# Exercise details
Find the line below with "fashion sunglasses frames" and the line with "7-Bromo-2-chloro-5-fluoro-1H-benzo[d]imidazole Structure". Output them and the lines between, exactly, but not the pictures.

# Records shown
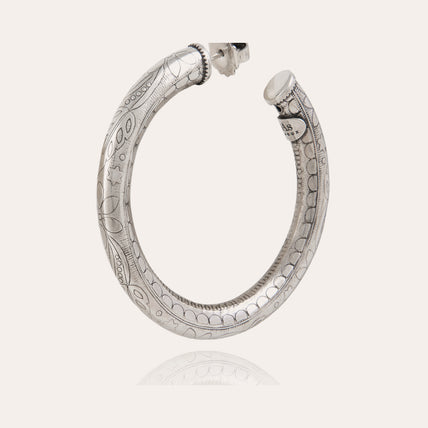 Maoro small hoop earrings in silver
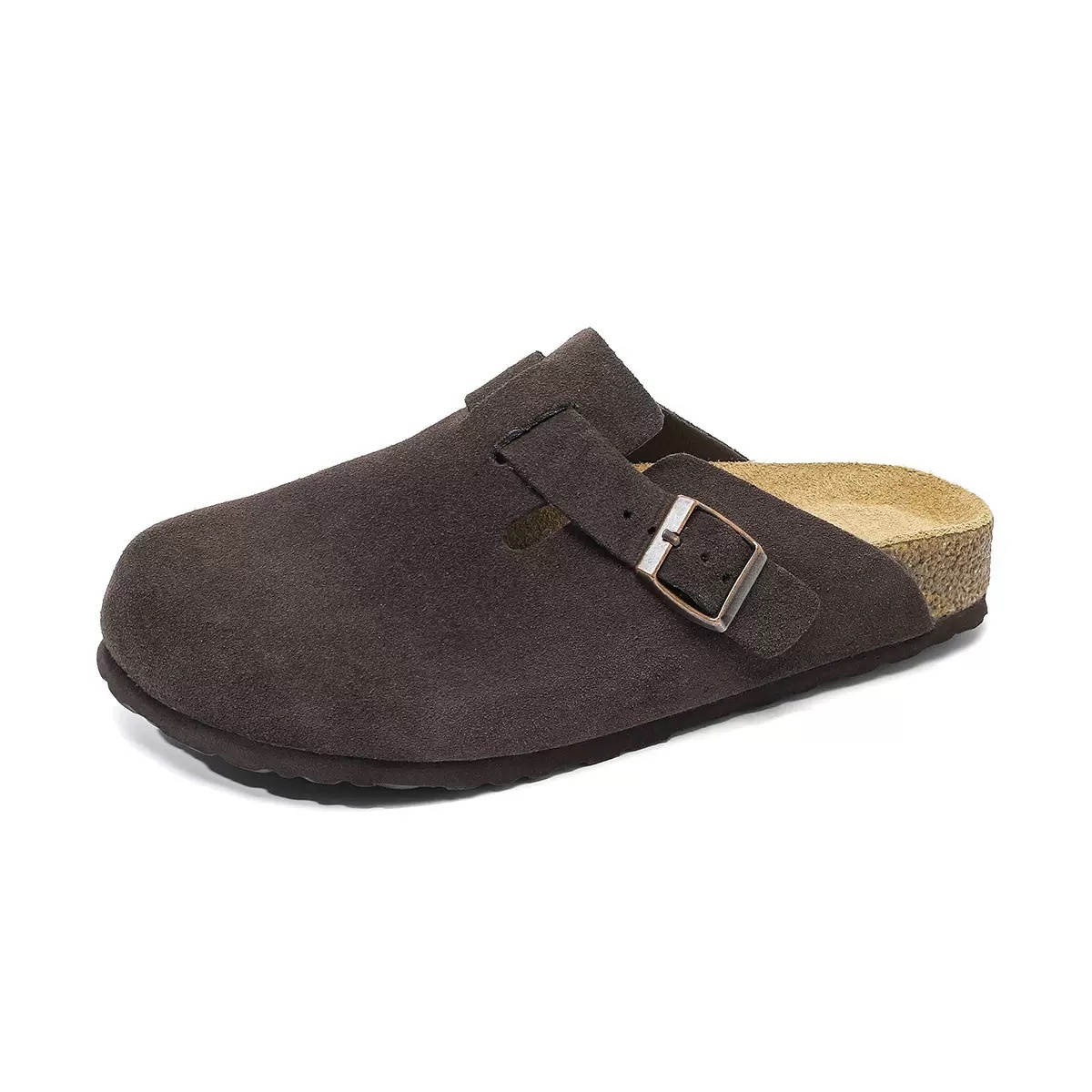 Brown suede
==
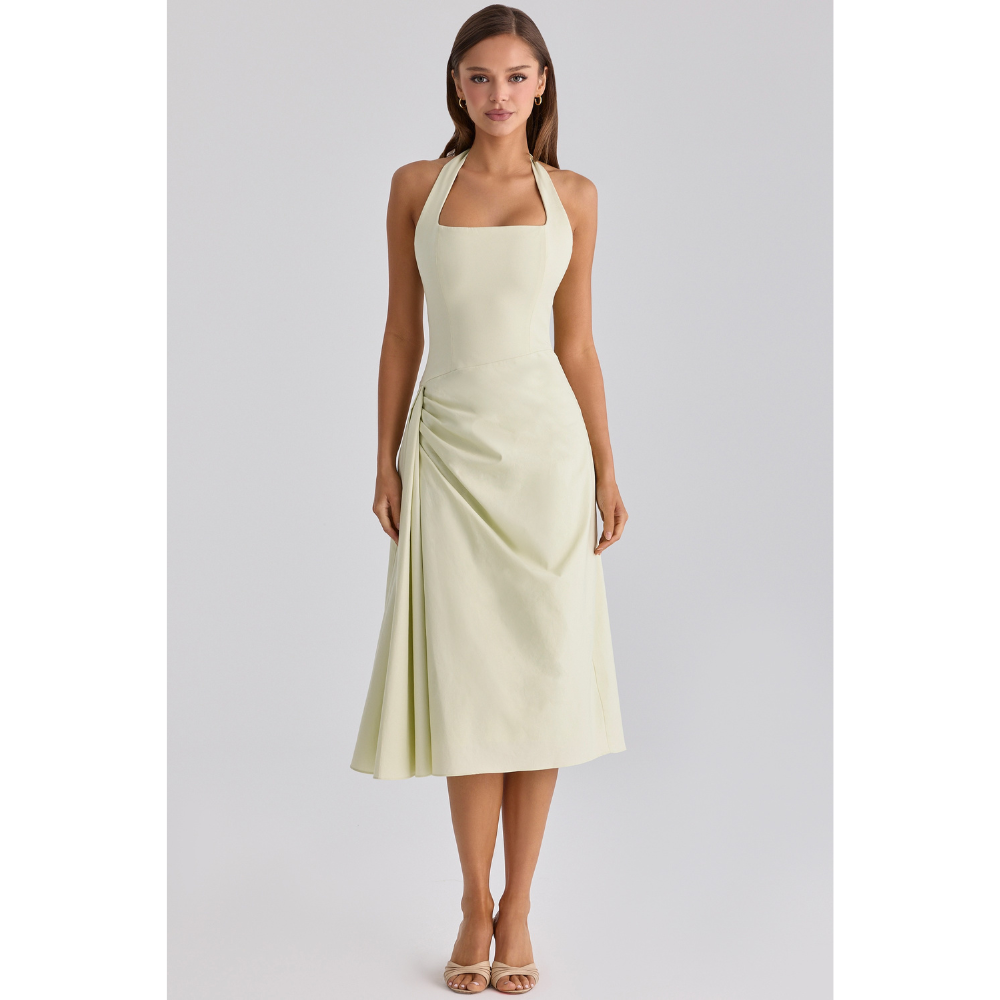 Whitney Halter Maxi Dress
...
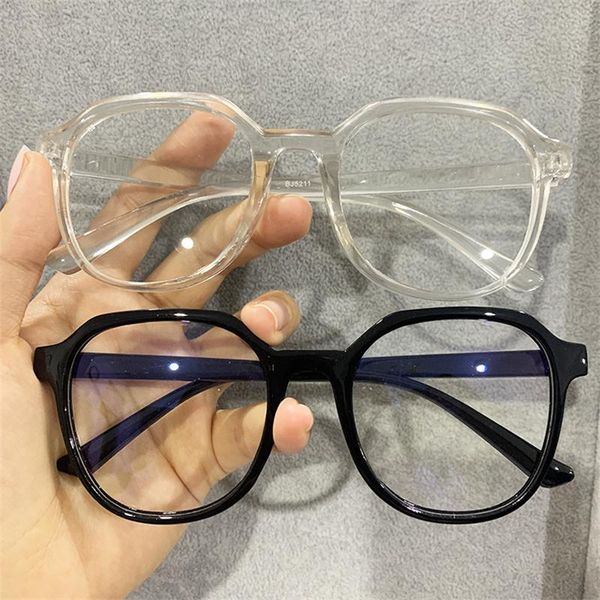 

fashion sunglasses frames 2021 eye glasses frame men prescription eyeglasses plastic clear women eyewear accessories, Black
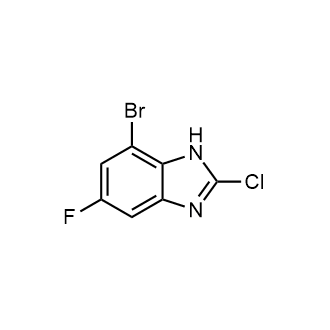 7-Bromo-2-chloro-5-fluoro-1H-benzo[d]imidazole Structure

# Response to the task
fashion sunglasses frames 2021 eye glasses frame men prescription eyeglasses plastic clear women eyewear accessories, Black
 7-Bromo-2-chloro-5-fluoro-1H-benzo[d]imidazole Structure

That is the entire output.